Philippe Muyl ? A la réalisation d’un film chinois ? Passé l’étonnement à la vue du nom du réalisateur du Promeneur d’oiseau, et après avoir remarqué qu’il s’agissait d’une coproduction sino-française, beaucoup ont dû se poser des questions. Pourquoi le réalisateur du Papillon est allé faire un film chinois ? Il y a deux raisons à cela : la première, et la plus singulière, c’est que Le Papillon, comédie dramatique sortie en 2002 avec Michel Serrault dans le rôle-titre, est l’objet d’un véritable culte en Chine. En effet, car si le film n’a jamais été exploité commercialement dans l’Empire du milieu, le piratage et Internet (l’un des seuls moyens de découvrir des films étrangers en Chine) et un bouche-à-oreille certain ont donné au film de Philippe Muyl une aura qu’il n’a jamais connu en France. La chanson du générique est devenue très célèbre et a fait l’objet d’une véritable mode. La deuxième raison c’est que, si vous ne le saviez pas encore, un traité a été signé en 2010 entre la Chine et la France visant à la coproduction d’œuvres cinématographiques : Lao Wai de Fabien Gaillard et Le Totem du loup de Jean-Jacques Annaud en ont eux aussi bénéficié.

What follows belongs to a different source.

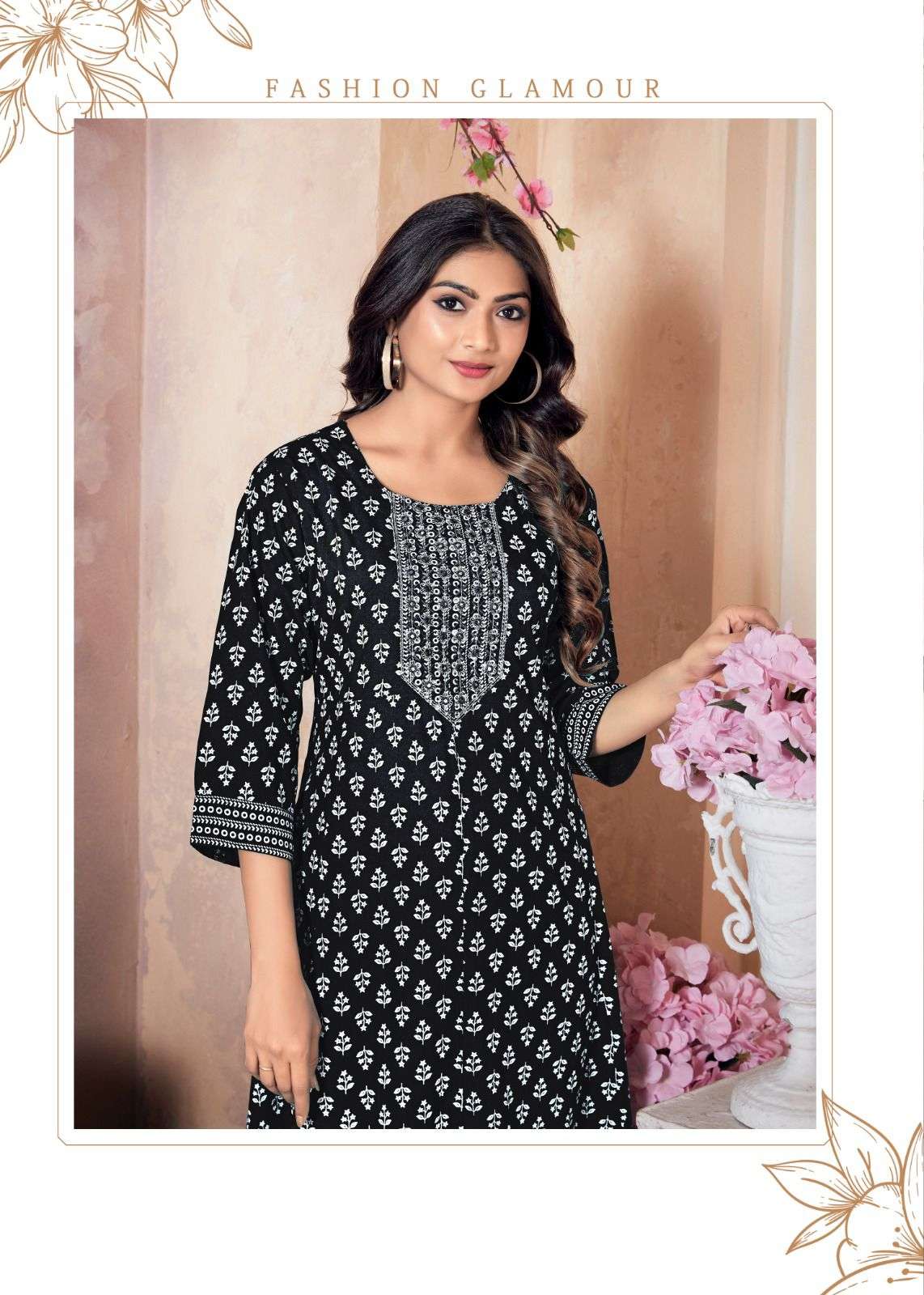 VAIBHAVI RAYON KHADI GOLD PRINT Kurti Wholesale catalog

A l’origine, Le Promeneur d’oiseau devait être un remake du Papillon, mais dû à l’absence de symbolique de l’insecte en Chine, il a été remplacé par un oiseau, le huan mei – de fils en aiguilles, le projet a été totalement réécrit. Plusieurs années de repérage plus tard, le film de Muyl sort dans nos salles. Les similitudes avec Le Papillon sautent rapidement aux yeux : s’il fallait résumer les deux films en une ou deux phrases, elles seraient probablement presque identiques. Mais si Le Papillon était relativement anecdotique car au final bien commun pour le spectateur français, Le Promeneur d’oiseau se révèle rapidement une véritable aventure exotique. Les paysages sont magnifiques, et Muyl (ainsi que son chef op chinois) savent les capter à merveille. C’est beau, c’est apaisant, transformant ce road movie classique en véritable plongée dans la beauté naturelle du paysage chinois.

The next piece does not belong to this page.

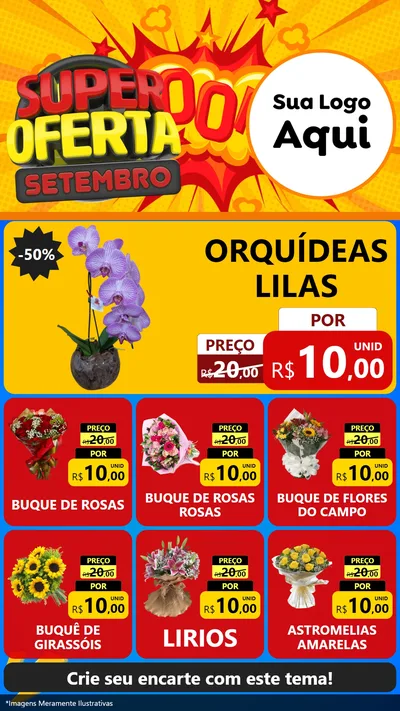 Modelo de Rede Social para Stories com o tema Super Oferta Setembro para Floricultura e jardim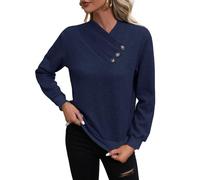 REITINGE Pullover casual da donna a maniche lunghe abbottonato, resistente all'elasticità in maglia ombra aderente indumento non elasticizzato in maglia colore maglione aderente, blu navy, L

Et ça nous fait d’autant plus regretter l’absence d’originalité du Promeneur d’oiseau. Les acteurs sont très convaincants, Muyl s’est fait suffisamment conseiller pour ne pas commettre de grossières erreurs dans les mœurs chinoises, et la mise en scène est indéniablement très réussie. C’est certain que cette façon de filmer la Chine tranche véritablement avec le cinéma engagé des Jia Zhang Ke et comparses, mais elle apporte son lot de fraicheur, une façon d’aborder les émotions et la mise en scène (très posée) qu’on ne voit que trop rarement dans le cinéma chinois – d’où l’intérêt de la coproduction.
A défaut d’être inoubliable, Le Promeneur d’oiseau est une réussite formelle irréfutable. Outre la maîtrise technique de l’ensemble, l’apport de savoir-faire des deux « cinéma » très différents (la Chine et la France) donne une singularité à une production qui serait autrement tombée dans le déjà-vu. En surpassant par la même occasion son aîné, Le Papillon, Le Promeneur d’oiseau est un film abouti qui ravira les amateurs d’émotions facile et d’environnements dépaysant. Une aventure humaine touchante et rafraîchissante.